Was bleibt da noch für mich? Wozu kann ich mich bekennen? Zu meiner Liebe zu den USA!

Wie viel Tony Soprano steckt in Chris Christie?


Das ist keine Ironie, ich meine das vollkommen ernst, auch wenn ich im antiamerikanischen Deutschland damit zu einer verschwindend kleinen Minderheit gehöre. Aber muss man, also ich, ein Land nicht lieben, das Politiker wie Chris Christie hervorbringt, den Gouverneur des pittoresken Bundesstaats New Jersey?

Für alle, die noch nie von ihm gehört haben: Christie sieht aus wie eine schlechte Kopie von Tony Soprano, dem Mafiaboss aus der Fernsehserie "The Sopranos" - übrigens auch ein, wenn gleich fiktiver Sohn des Garden States, wie Liebhaber das weitgehend zubetonierte New Jersey gerne nennen.

Christie ist dabei auch nicht irgendein unwichtiger US-Provinzfürst, sondern war bisher einer der aussichtsreichsten Kandidaten für die Präsidentschaftskandidatur der Republikaner 2016. 

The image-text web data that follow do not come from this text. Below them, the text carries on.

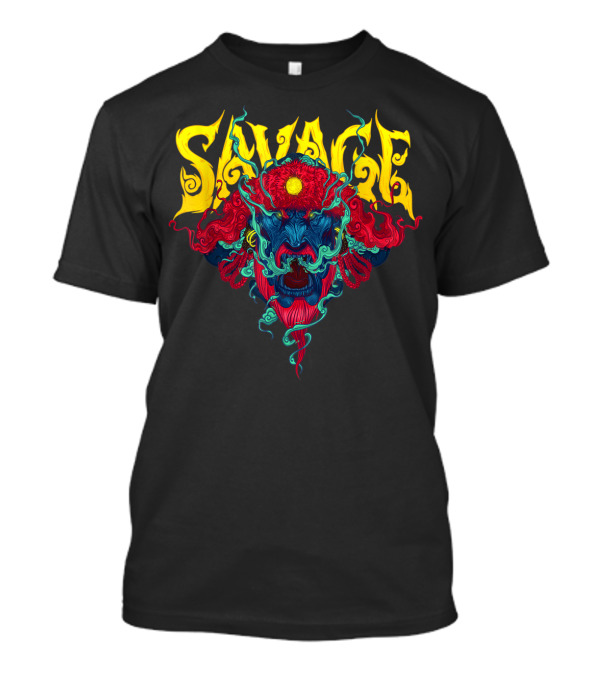 Savage King Fierce Warrior Mask Design With Vivid Colors T-Shirt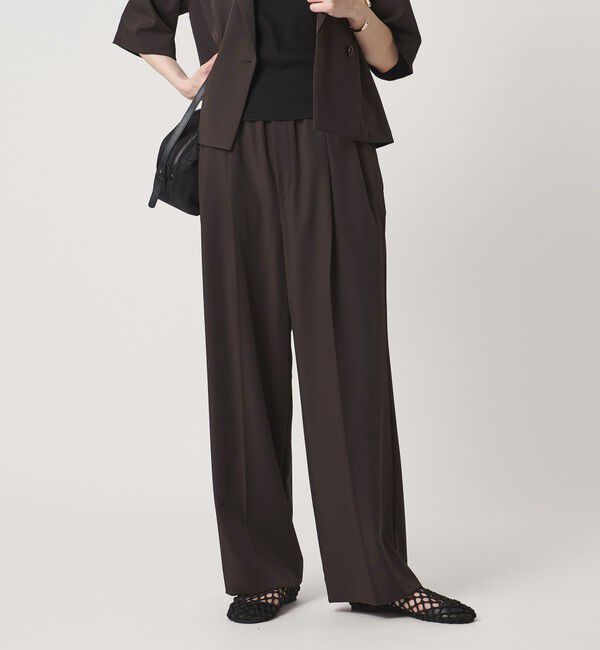 UNITED ARROWS「ツイル イージーパンツ ‐ストレッチ 防シワ 接触冷感‐」|スラックス|DK.BROWN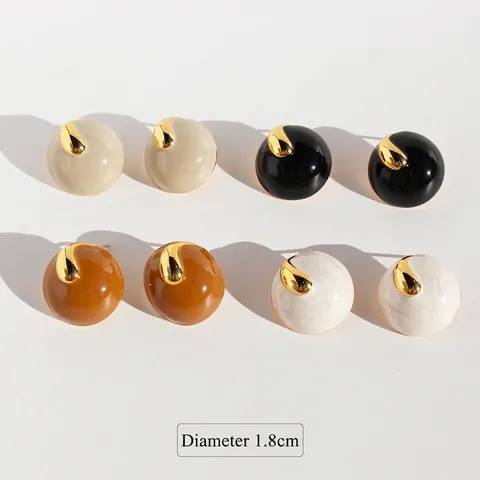 French Retro Enamel Brass Round Stud Earrings For Women With 925 Sterling Silver Post Maillard Brown Black Pearly White Jewelry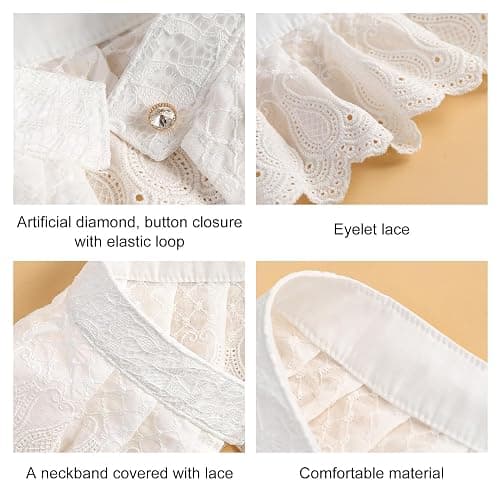 Lace Ruffle Collar White Fake Detachable Neck Costume Accessories | Women, Halloween Cosplay Party Supplies thumbnail 3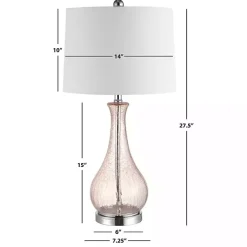 Kirklands Home Table Lamps|Blush Crackle Glass Teardrop Table Lamp Ivory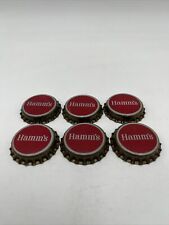 Vintage Lot of 6 Hamm's Beer Bottle Caps Cork lined Red/gold Rare Label Lot A picture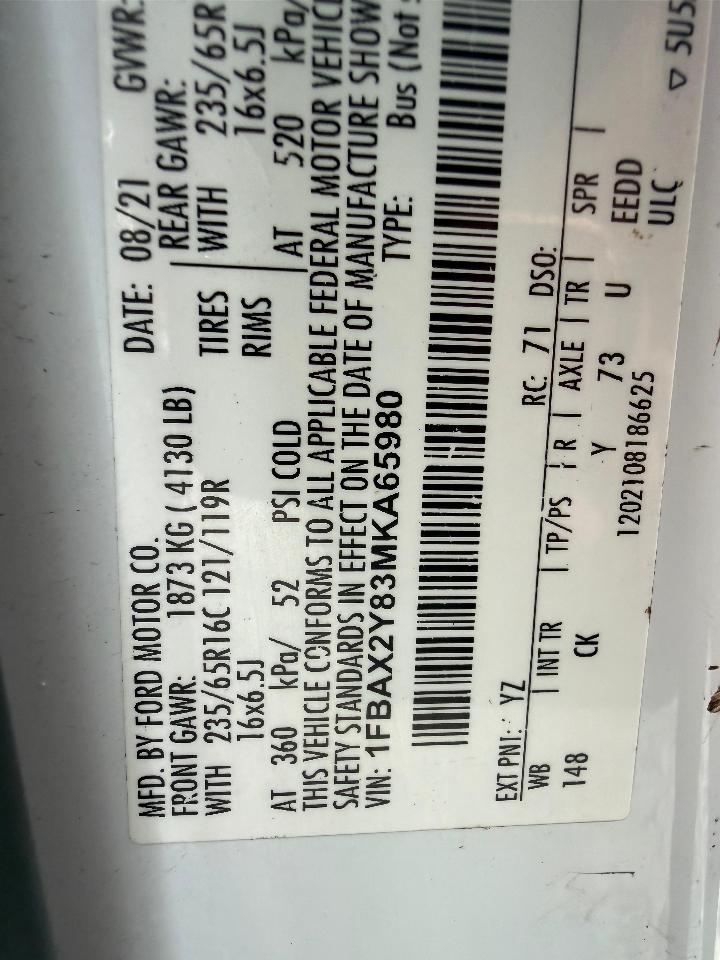 Ford Transit 350 Wagon Low Roof XLT w/Sliding Pass. 148-in. WB 2021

Seit dieser Woche rätselt die Welt aber darüber, wie viel von Tony Soprano in Chris Christie steckt. Am Mittwoch nämlich gelangte eine E-Mail an die Öffentlichkeit, geschrieben im vergangenen August von Christies stellvertretender Stabschefin Bridget Kelly. Empfänger der Mail: David Wildstein, nach Medienberichten ein alter Schulfreund des Gouverneurs, laut Christies Darstellung, Stand Donnerstag, eher ein Typ, der zufällig auf derselben Highschool war wie er. Wildstein arbeitete in leitender Funktion für die "Port Authority", eine gemeinsame Behörde der Staaten New Jersey und New York. Der Behörde untersteht unter anderem die George Washington Bridge, eine von drei Straßenverbindungen zwischen Manhattan und New Jersey und immerhin die meistbefahrene Brücke der USA.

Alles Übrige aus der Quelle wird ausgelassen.